How many lines of the records below contain the word "Mercedes"? Answer with the number alone.

Given records —
= = = =

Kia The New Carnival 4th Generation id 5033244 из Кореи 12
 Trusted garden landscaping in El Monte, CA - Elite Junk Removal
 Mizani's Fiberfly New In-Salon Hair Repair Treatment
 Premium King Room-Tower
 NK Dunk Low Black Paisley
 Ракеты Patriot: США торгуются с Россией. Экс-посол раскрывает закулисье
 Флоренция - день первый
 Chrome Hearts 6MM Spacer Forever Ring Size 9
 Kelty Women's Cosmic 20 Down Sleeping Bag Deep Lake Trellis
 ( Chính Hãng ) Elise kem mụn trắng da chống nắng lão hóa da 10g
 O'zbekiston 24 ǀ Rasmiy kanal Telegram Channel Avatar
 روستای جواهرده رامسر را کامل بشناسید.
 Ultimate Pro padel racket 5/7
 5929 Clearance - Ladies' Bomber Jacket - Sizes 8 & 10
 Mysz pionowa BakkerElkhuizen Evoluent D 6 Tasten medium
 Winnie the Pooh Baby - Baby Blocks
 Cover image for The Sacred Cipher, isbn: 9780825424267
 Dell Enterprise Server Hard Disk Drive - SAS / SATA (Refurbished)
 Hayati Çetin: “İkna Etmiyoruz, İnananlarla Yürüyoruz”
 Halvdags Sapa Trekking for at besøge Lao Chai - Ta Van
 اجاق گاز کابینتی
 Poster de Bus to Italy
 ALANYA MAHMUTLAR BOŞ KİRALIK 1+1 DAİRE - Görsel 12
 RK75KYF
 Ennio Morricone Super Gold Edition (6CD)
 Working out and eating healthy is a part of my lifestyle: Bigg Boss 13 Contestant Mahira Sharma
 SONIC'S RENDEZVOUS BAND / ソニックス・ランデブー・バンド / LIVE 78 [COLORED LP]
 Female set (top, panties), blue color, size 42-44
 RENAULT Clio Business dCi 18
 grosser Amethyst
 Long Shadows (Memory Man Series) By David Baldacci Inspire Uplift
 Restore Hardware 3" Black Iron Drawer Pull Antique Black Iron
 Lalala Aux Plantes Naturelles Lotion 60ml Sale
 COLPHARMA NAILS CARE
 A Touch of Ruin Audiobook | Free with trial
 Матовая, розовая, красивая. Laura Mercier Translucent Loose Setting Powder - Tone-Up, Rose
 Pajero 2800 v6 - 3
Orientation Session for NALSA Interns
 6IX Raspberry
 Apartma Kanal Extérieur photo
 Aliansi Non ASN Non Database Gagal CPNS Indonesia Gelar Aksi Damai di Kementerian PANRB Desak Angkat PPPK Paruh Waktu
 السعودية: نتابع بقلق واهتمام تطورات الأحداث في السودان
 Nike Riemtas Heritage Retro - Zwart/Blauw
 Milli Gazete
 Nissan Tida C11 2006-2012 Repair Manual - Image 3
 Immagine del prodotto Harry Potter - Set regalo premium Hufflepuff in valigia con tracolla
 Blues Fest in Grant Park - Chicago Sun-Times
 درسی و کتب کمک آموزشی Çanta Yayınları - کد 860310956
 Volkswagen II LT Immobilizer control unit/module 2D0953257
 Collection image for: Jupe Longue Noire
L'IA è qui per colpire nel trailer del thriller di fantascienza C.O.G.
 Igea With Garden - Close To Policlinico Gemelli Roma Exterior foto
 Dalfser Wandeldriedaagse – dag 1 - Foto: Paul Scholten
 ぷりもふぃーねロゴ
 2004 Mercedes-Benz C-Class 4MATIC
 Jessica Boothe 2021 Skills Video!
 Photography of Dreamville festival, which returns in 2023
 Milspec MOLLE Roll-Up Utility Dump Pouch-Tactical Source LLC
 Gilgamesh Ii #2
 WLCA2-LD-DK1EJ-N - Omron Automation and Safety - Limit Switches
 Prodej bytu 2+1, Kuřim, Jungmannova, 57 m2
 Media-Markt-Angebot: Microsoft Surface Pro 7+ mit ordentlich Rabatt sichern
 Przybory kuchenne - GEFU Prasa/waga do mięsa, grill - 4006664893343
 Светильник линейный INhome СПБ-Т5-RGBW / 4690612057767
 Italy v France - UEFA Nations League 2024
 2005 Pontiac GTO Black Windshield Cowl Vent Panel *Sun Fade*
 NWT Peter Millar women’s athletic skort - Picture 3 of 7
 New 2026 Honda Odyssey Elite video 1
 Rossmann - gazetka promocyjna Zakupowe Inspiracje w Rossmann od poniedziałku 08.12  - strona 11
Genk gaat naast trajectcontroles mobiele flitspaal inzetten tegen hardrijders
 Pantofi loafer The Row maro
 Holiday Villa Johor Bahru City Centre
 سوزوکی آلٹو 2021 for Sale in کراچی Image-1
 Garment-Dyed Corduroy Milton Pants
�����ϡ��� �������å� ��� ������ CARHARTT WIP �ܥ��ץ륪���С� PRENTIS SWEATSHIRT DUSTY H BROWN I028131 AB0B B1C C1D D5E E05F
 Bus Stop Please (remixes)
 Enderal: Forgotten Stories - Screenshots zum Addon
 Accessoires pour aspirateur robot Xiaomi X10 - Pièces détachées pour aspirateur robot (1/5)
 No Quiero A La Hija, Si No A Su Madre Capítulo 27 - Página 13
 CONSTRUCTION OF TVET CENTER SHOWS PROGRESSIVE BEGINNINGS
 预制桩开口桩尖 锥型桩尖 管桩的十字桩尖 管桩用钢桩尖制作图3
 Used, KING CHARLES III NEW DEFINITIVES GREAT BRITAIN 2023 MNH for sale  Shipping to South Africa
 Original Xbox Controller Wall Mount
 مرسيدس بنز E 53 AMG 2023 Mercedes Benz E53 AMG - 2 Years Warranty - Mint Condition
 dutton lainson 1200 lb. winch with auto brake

= = = =

Answer section — 2